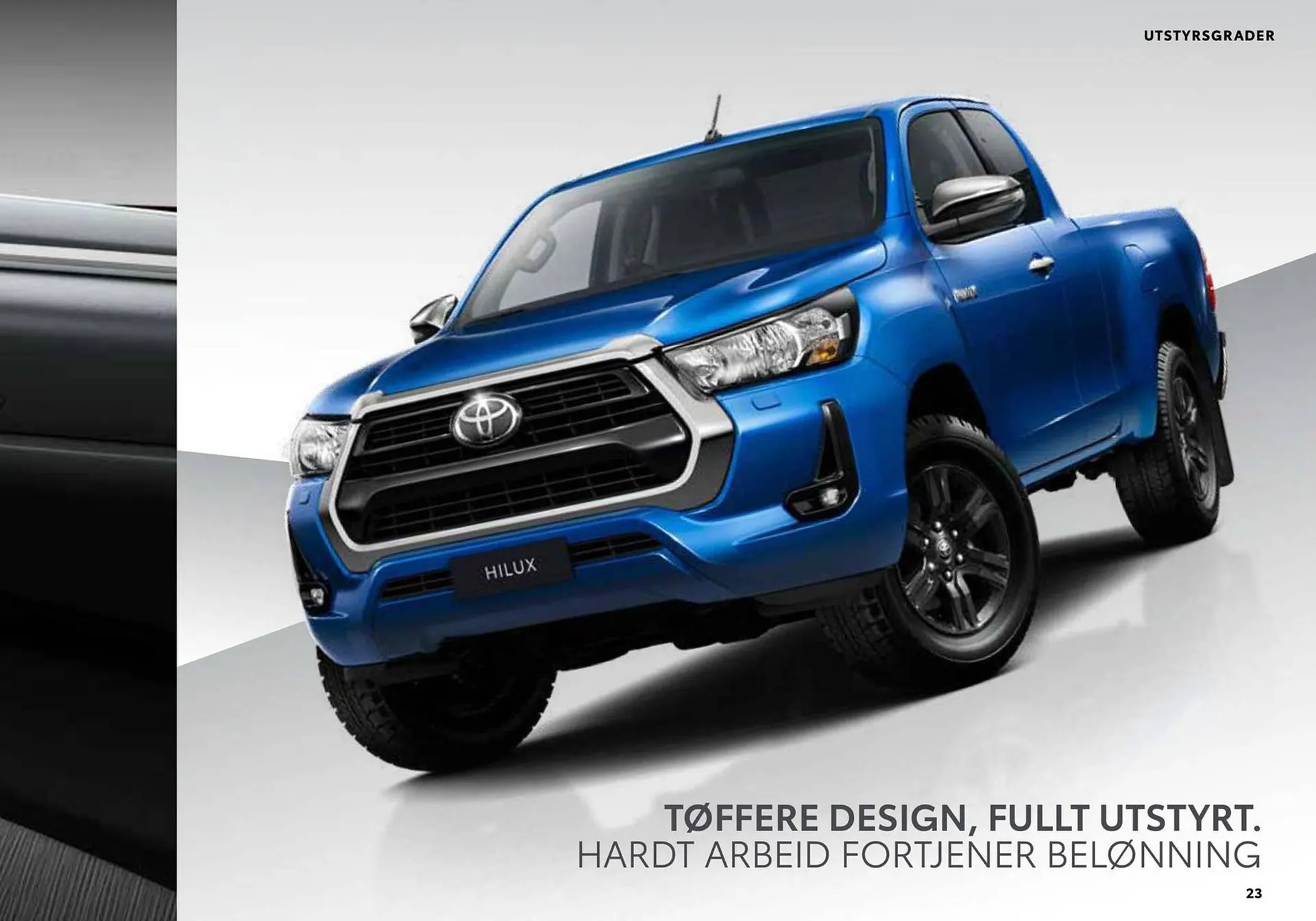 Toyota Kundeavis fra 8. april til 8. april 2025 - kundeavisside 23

...

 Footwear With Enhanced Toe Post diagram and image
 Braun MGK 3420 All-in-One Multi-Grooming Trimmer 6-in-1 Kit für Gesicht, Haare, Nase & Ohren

==

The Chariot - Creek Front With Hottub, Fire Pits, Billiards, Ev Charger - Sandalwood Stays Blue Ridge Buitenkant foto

● **TASK TO COMPLETE**
If a line in the records above holds the string "With", copy it.

● **YOUR SOLUTION**
 Footwear With Enhanced Toe Post diagram and image
The Chariot - Creek Front With Hottub, Fire Pits, Billiards, Ev Charger - Sandalwood Stays Blue Ridge Buitenkant foto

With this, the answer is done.